Reputation: 2597
I have a data table with this schema:
date, key_a, key_b, key_c, key_d, value
I'd like to make a list of lists that has this structure:
[1]
date, key_a, value
[2]
date, key_b, value
[3]
date, key_c, value
I'd like to aggregate my dt
into a list where each of the entries is aggregating the dt
across a separate one of the keys.
This is my code
setDT(dt)
list_of_dts[1] <-
dt[, .(value = sum(value)), .(date, key_a)]
list_of_dts[2] <-
dt[, .(value = sum(value)), .(date, key_b)]
(So on)
Is there a more efficient way of solving this?
Upvotes: 2
Views: 245
Reputation: 887251
We can use tidyverse
library(dplyr)
library(tidyr)
dt %>%
pivot_longer(cols = starts_with('key'), values_to = 'value1') %>%
group_by(date, name) %>%
summarise(value = sum(value1))
An option is to convert to disk.frame
and do the group by operations
library(disk.frame)
dt %>%
pivot_longer(cols = starts_with('key'), values_to = 'value1') %>%
as.disk.frame %>%
group_by(date, name) %>%
summarise(value = sum(value1)) %>%
collect()
When there are multiple .csv
files it can be directly read with csv_to_disk.frame
df <- csv_to_disk.frame(file.path(tempdir(), "df.csv"),
inmapfn = function(chunk) {
# convert to date_str to date format and store as "date"

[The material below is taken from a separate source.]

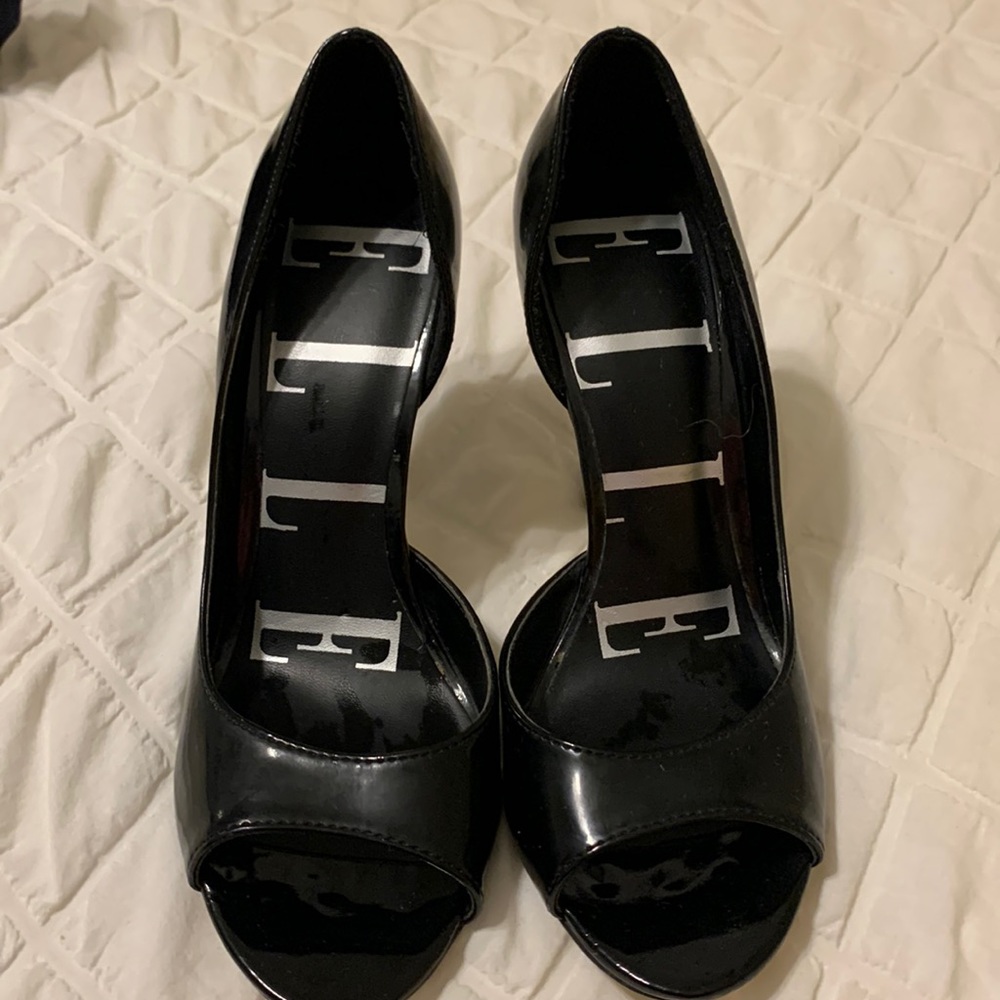 Elle black open toe heels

chunk[, date := as.Date(date_str, "%Y-%m-%d")]
chunk[, date_str:= NULL]
chunk[, new := col1 + 5]
})
Upvotes: 1
Reputation: 160447
Try this data.table
-native attempt:
dt <- data.table(date=c(1,1,2), key_a=c(11,11,13), key_b=c(21,21,23), key_c=c(31,31,33), key_d=c(41,41,43), value=c(51,51,53))
keynames <- grep("^key", colnames(dt), value = TRUE)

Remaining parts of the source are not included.